_TASK PROMPT_.
Restate all the data exactly, so that each line is the same as before.

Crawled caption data
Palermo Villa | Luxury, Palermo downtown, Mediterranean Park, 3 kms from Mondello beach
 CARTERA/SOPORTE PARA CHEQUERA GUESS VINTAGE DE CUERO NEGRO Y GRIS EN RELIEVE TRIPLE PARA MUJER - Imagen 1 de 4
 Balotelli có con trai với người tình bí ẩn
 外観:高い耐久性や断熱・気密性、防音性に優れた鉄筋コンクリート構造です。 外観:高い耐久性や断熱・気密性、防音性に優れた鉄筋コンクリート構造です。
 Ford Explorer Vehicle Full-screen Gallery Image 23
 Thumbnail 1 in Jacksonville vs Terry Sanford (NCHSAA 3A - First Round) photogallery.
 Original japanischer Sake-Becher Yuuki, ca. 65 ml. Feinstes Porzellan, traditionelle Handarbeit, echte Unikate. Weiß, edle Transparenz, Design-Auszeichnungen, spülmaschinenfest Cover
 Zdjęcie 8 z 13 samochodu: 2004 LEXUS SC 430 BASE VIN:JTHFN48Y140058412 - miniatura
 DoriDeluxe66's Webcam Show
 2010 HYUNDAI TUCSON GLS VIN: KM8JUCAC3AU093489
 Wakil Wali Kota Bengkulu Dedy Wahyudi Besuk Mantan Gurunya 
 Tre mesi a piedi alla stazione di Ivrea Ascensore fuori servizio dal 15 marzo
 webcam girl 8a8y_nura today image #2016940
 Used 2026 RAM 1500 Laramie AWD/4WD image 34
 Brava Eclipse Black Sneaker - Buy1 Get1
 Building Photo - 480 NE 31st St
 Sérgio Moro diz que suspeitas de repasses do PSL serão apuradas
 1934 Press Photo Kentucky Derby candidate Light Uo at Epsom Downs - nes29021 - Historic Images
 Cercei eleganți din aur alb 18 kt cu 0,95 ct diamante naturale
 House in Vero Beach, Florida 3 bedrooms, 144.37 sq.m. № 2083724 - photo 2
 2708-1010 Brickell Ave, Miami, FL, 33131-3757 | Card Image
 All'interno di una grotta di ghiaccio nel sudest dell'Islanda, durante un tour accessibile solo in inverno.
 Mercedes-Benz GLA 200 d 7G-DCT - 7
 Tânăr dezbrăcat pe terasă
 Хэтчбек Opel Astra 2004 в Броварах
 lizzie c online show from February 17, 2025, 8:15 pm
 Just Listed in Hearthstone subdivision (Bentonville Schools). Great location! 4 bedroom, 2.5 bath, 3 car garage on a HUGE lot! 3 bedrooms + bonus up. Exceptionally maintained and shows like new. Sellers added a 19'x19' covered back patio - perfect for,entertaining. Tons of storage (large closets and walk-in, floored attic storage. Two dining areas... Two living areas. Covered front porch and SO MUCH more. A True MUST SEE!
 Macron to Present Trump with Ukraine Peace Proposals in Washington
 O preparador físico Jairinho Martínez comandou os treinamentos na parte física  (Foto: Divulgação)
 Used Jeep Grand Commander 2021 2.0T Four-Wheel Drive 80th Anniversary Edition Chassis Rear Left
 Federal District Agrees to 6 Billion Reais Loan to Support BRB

_FINISHED EXERCISE_.
Palermo Villa | Luxury, Palermo downtown, Mediterranean Park, 3 kms from Mondello beach
 CARTERA/SOPORTE PARA CHEQUERA GUESS VINTAGE DE CUERO NEGRO Y GRIS EN RELIEVE TRIPLE PARA MUJER - Imagen 1 de 4
 Balotelli có con trai với người tình bí ẩn
 外観:高い耐久性や断熱・気密性、防音性に優れた鉄筋コンクリート構造です。 外観:高い耐久性や断熱・気密性、防音性に優れた鉄筋コンクリート構造です。
 Ford Explorer Vehicle Full-screen Gallery Image 23
 Thumbnail 1 in Jacksonville vs Terry Sanford (NCHSAA 3A - First Round) photogallery.
 Original japanischer Sake-Becher Yuuki, ca. 65 ml. Feinstes Porzellan, traditionelle Handarbeit, echte Unikate. Weiß, edle Transparenz, Design-Auszeichnungen, spülmaschinenfest Cover
 Zdjęcie 8 z 13 samochodu: 2004 LEXUS SC 430 BASE VIN:JTHFN48Y140058412 - miniatura
 DoriDeluxe66's Webcam Show
 2010 HYUNDAI TUCSON GLS VIN: KM8JUCAC3AU093489
 Wakil Wali Kota Bengkulu Dedy Wahyudi Besuk Mantan Gurunya 
 Tre mesi a piedi alla stazione di Ivrea Ascensore fuori servizio dal 15 marzo
 webcam girl 8a8y_nura today image #2016940
 Used 2026 RAM 1500 Laramie AWD/4WD image 34
 Brava Eclipse Black Sneaker - Buy1 Get1
 Building Photo - 480 NE 31st St
 Sérgio Moro diz que suspeitas de repasses do PSL serão apuradas
 1934 Press Photo Kentucky Derby candidate Light Uo at Epsom Downs - nes29021 - Historic Images
 Cercei eleganți din aur alb 18 kt cu 0,95 ct diamante naturale
 House in Vero Beach, Florida 3 bedrooms, 144.37 sq.m. № 2083724 - photo 2
 2708-1010 Brickell Ave, Miami, FL, 33131-3757 | Card Image
 All'interno di una grotta di ghiaccio nel sudest dell'Islanda, durante un tour accessibile solo in inverno.
 Mercedes-Benz GLA 200 d 7G-DCT - 7
 Tânăr dezbrăcat pe terasă
 Хэтчбек Opel Astra 2004 в Броварах
 lizzie c online show from February 17, 2025, 8:15 pm
 Just Listed in Hearthstone subdivision (Bentonville Schools). Great location! 4 bedroom, 2.5 bath, 3 car garage on a HUGE lot! 3 bedrooms + bonus up. Exceptionally maintained and shows like new. Sellers added a 19'x19' covered back patio - perfect for,entertaining. Tons of storage (large closets and walk-in, floored attic storage. Two dining areas... Two living areas. Covered front porch and SO MUCH more. A True MUST SEE!
 Macron to Present Trump with Ukraine Peace Proposals in Washington
 O preparador físico Jairinho Martínez comandou os treinamentos na parte física  (Foto: Divulgação)
 Used Jeep Grand Commander 2021 2.0T Four-Wheel Drive 80th Anniversary Edition Chassis Rear Left
 Federal District Agrees to 6 Billion Reais Loan to Support BRB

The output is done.